> Exercise requirements: Nothing but the lines from the one holding "Royal Brunei Airlines" to the final line of the listing below, both included, should be repeated, and each must match exactly. Omit pictures.

> Input data:
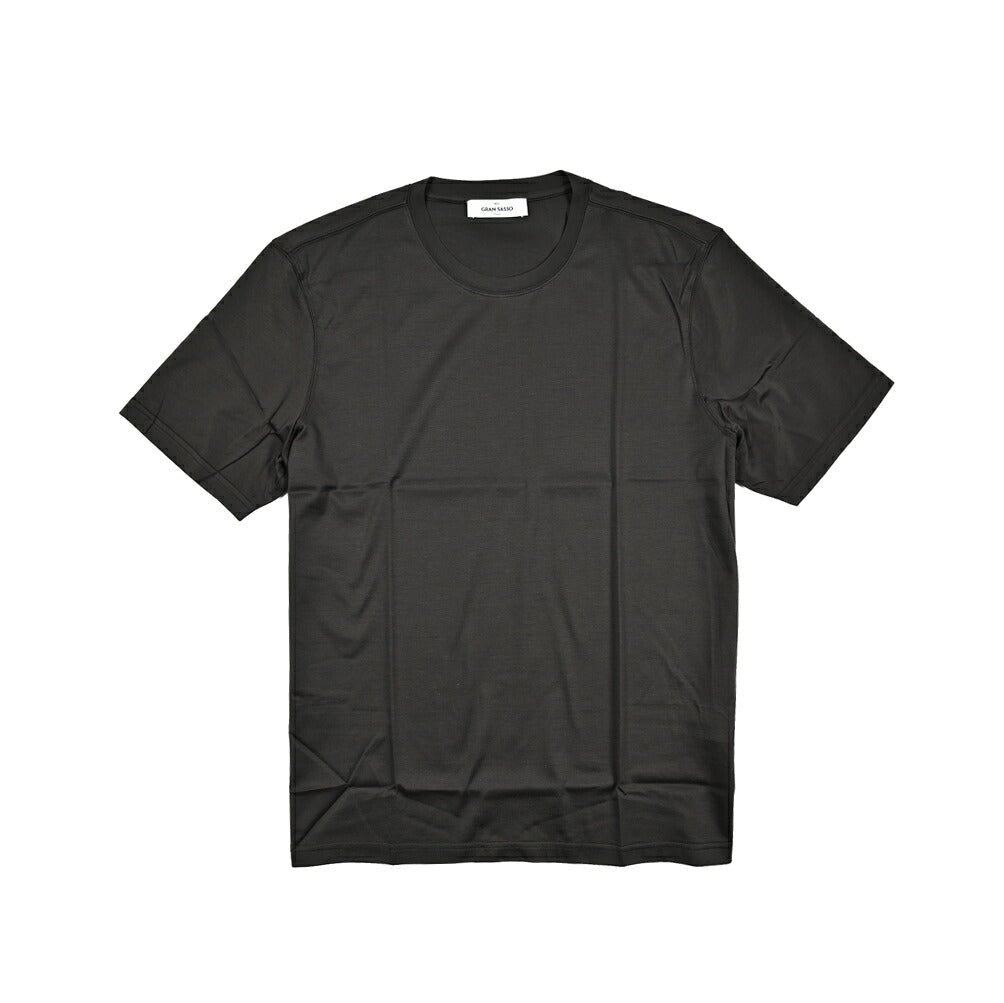 SALE｜GRAN SASSO グランサッソ / リネン100% サマーニットTシャツ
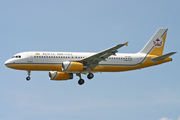 Royal Brunei Airlines Airbus A320-232 (V8-RBT) at  Hong Kong - Chek Lap Kok International, Hong Kong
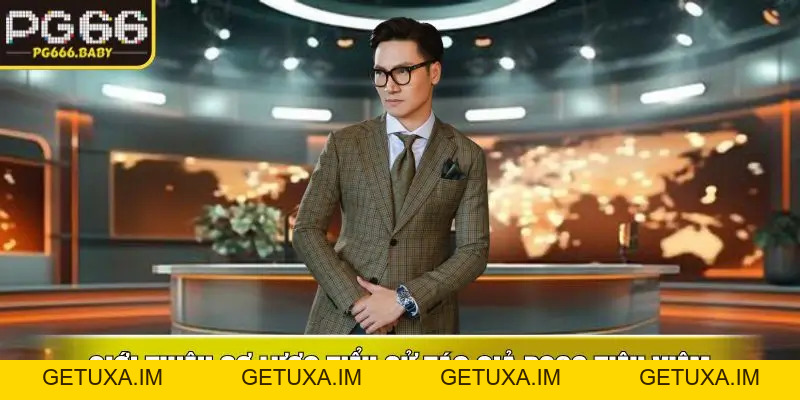 Tác Giả PG66 Tiêu Viêm: Hành Trình Lãnh Đạo, Tầm Nhìn - Getuxa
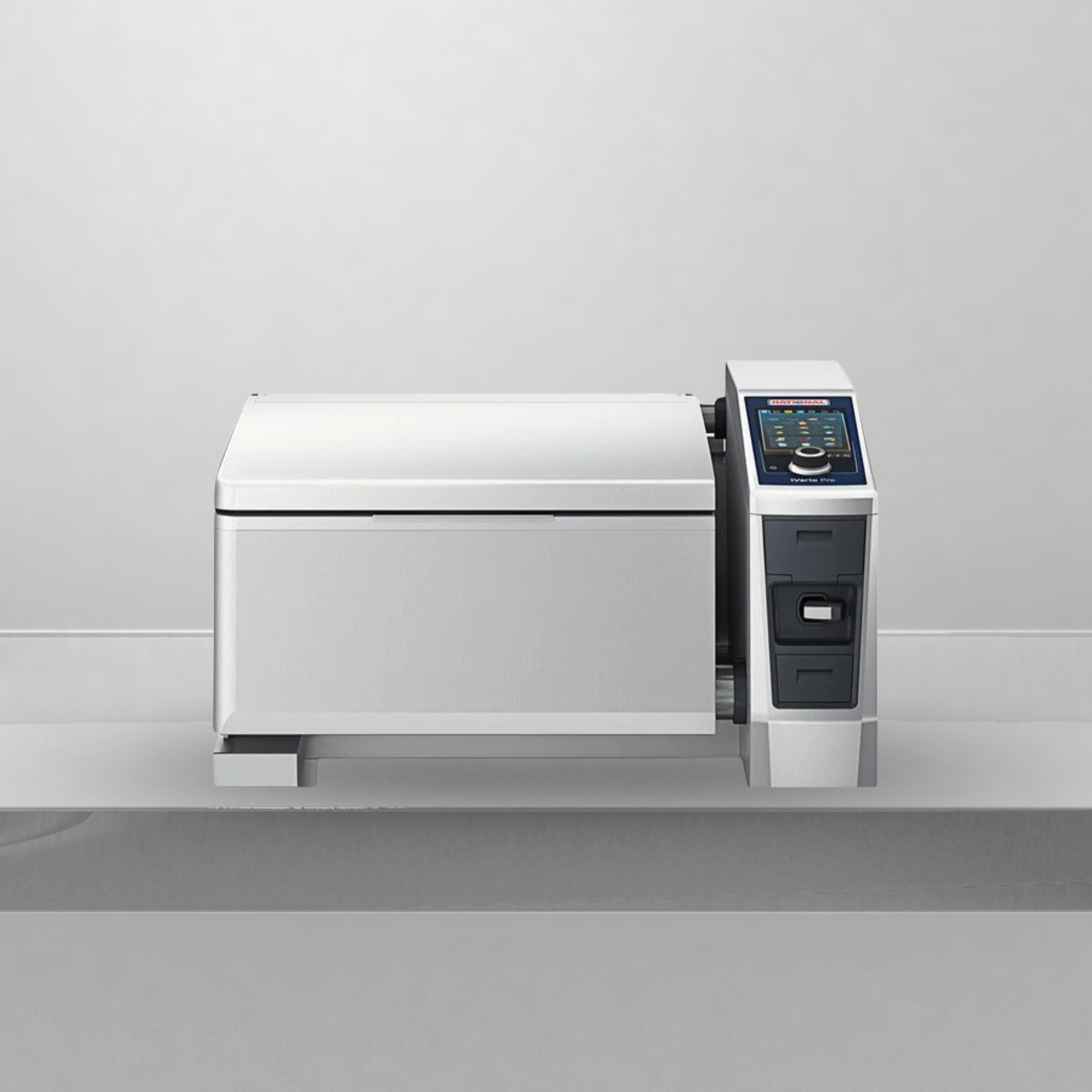 Rational iVario Pro L Electric Tilt Skillet — L-Size Pan, 26 Gallon, 208/240V, Countertop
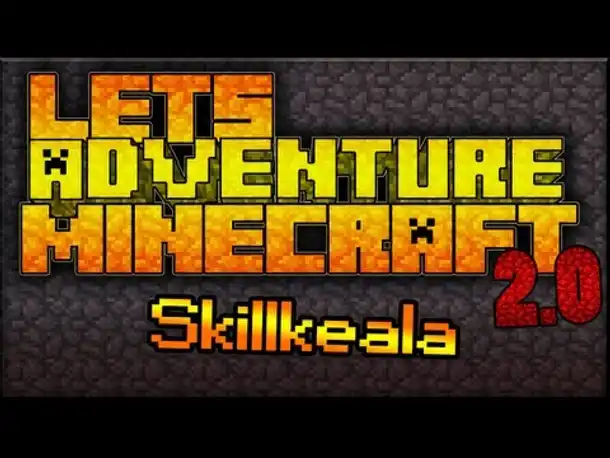 [Map Nr.86] Let's Adventure YOUR Minecraft - Skillkeala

> Response:
 Royal Brunei Airlines Airbus A320-232 (V8-RBT) at  Hong Kong - Chek Lap Kok International, Hong Kong
 Tác Giả PG66 Tiêu Viêm: Hành Trình Lãnh Đạo, Tầm Nhìn - Getuxa
 Rational iVario Pro L Electric Tilt Skillet — L-Size Pan, 26 Gallon, 208/240V, Countertop
 [Map Nr.86] Let's Adventure YOUR Minecraft - Skillkeala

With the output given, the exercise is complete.